Le parole sono spesso prive di significato. Ciò accade perchè le abbiamo consumate, estenuate, svuotate con un uso eccessivo e soprattutto inconsapevole. Le abbiamo rese bozzoli vuoti.
Per raccontare, dobbiamo rigenerare le nostre parole. Dobbiamo restituire loro senso, consistenza, colore, suono, odore. E, per far questo, dobbiamo farle a pezzi e poi ricostruirle.
Si chiama "manomissione" questa operazione di rottura e ricostruzione.
Il termine "manomissione" ha due significati, in apparenza molto differenti. Nel primo significato, essa è sinonimo di alterazione, violazione, danneggiamento. Nel secondo essa è sinonimo di liberazione, riscatto, emancipazione. La manomissione delle parole include entrambi questi significati.
Noi "facciamo a pezzi" le parole (le manomettiamo nel senso di alterarle, violarle) e poi le rimontiamo (le manomettiamo nel senso di liberarle dai vincoli delle convenzioni verbali e dei non-significati).
Solo dopo la manomissione possiamo usare le nostre parole per raccontare storie.
Mi ha sempre affascinato l'idea che le parole nascondano in sé un potere diverso e superiore rispetto a quello di comunicare, trasmettere messaggi, raccontare storie.

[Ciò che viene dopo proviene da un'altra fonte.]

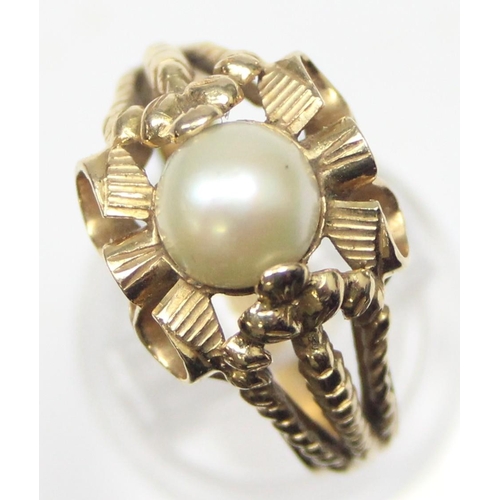 1102 - A large retro 18ct gold and pearl cocktail ring with decorative pierced setting, indistinctly marked... 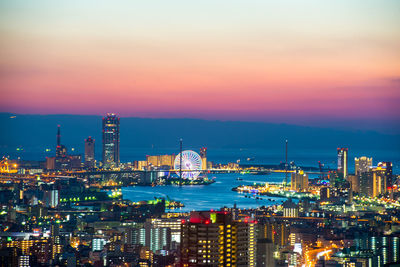 Illuminated buildings by sea against sky at sunset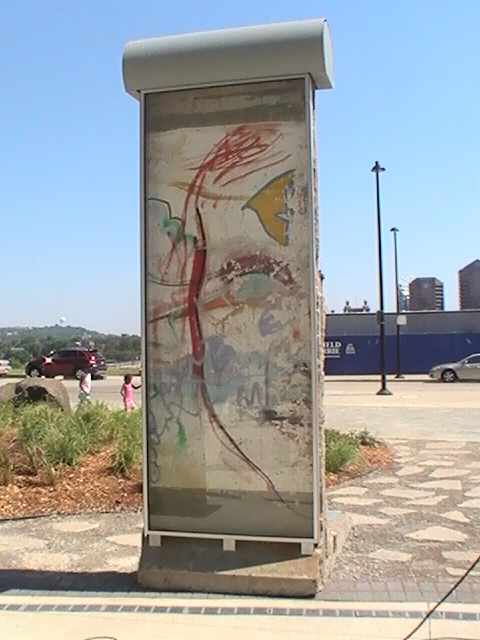 Cincinnati's Berlin Wall Monument stands with the painted side facing the Freedom Center Building. The plain white side faces the Ohio River. Both the river and the Berlin Wall played important roles in the history of freedom.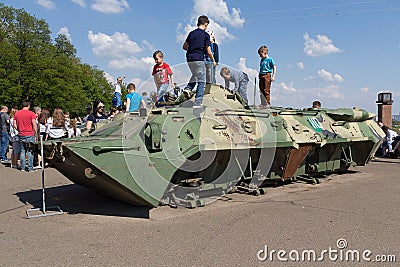 Kiev, Ukraine - May 09, 2016: Children are playing on a damaged armored personnel carrier Editorial Stock Photo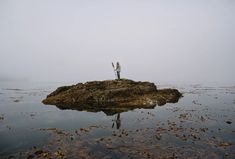 a person standing on top of a rock in the middle of a body of water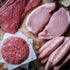 Assorted raw meats including beef, pork, and sausages on a rustic background with tomatoes and garlic.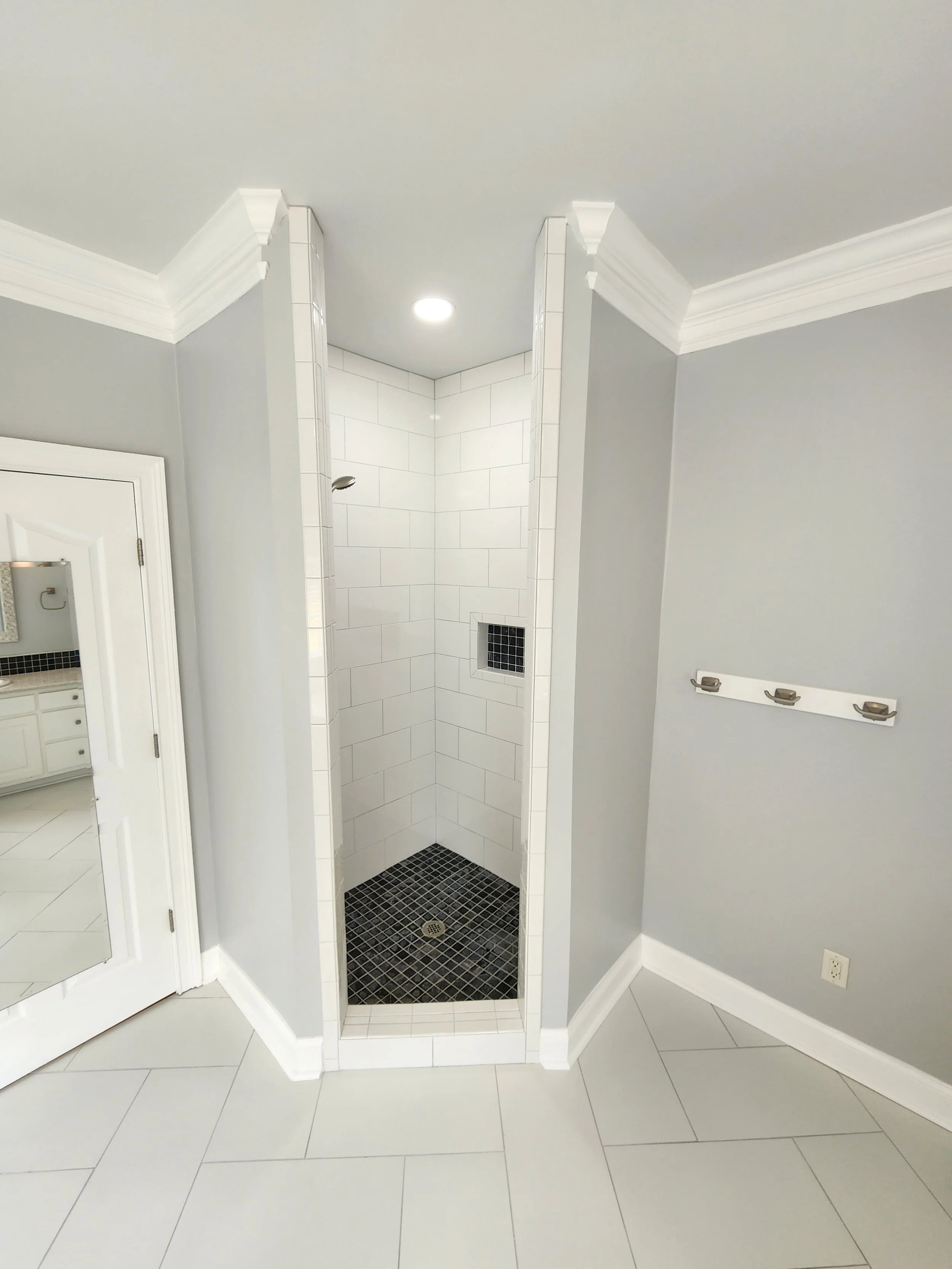 Small walk-in shower with white tiles and black accent tiles on the floor and a small black tiled niche. The shower is in a corner with grey walls and white crown molding.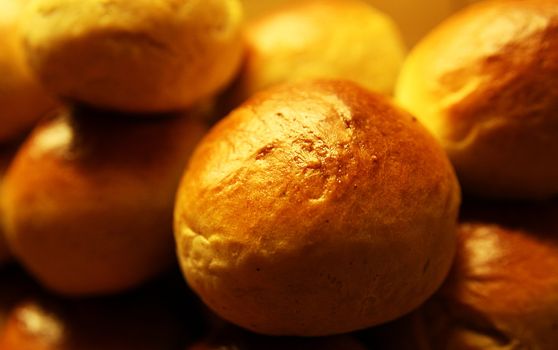 Golden wheat buns freshly baked, straight from the oven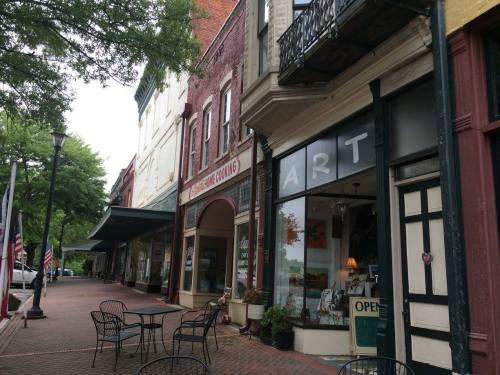 Charming street view of shops with outdoor seating, featuring an art gallery and historic buildings.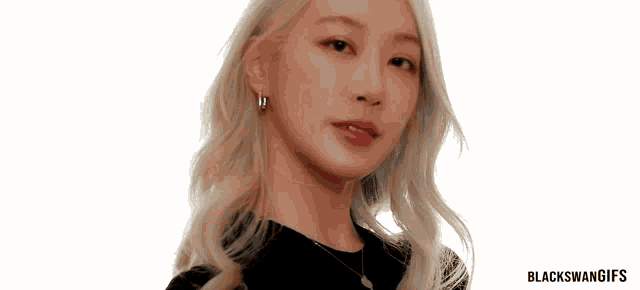 a woman with blonde hair is wearing a black shirt and earrings ..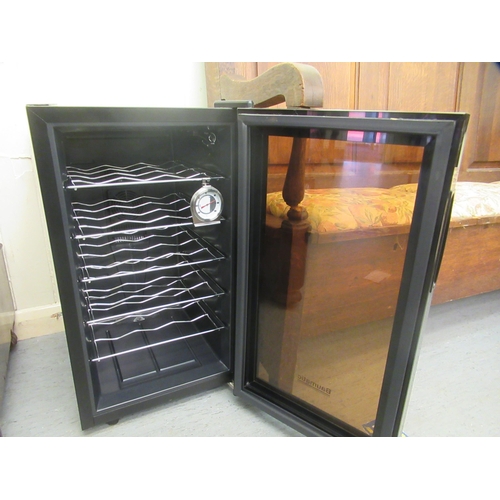 A Baumatic under counter wine fridge 25"h 14"w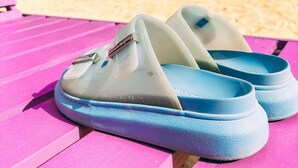 A pair of blue sandals on a pink wooden bench. - The Boardwalk Village (Negril)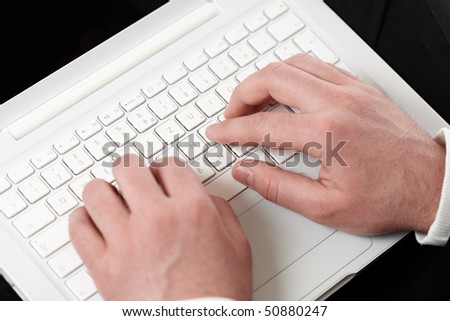 man typing on a computer keyboard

L'idea, cioè, che abbiano il potere di produrre trasformazione, che possano essere, letteralmente, lo strumento per cambiare il mondo.
Spesso, tuttavia, le nostre parole hanno perso significato perchè le abbiamo consumate con usi impropri, eccessivi o anche, solo, inconsapevoli.
Diceva il poeta greco Ghiannis Ritsos, "le parole sono come vecchie prostitute che tutti usano spesso male: e al poeta tocca restituire loro la verginità".
E' necessario un lavoro da artigiani per restituire verginità, senso, dignità e vita alle parole. E' necessario smontarle e controllare cosa non funziona, cosa si è rotto, cosa ha trasformato meccanismi delicati e vitali in materiali inerti.
E dopo bisogna montarle di nuovo, per ripensarle finalmente liberi dalle convenzioni verbali e dai non-significati.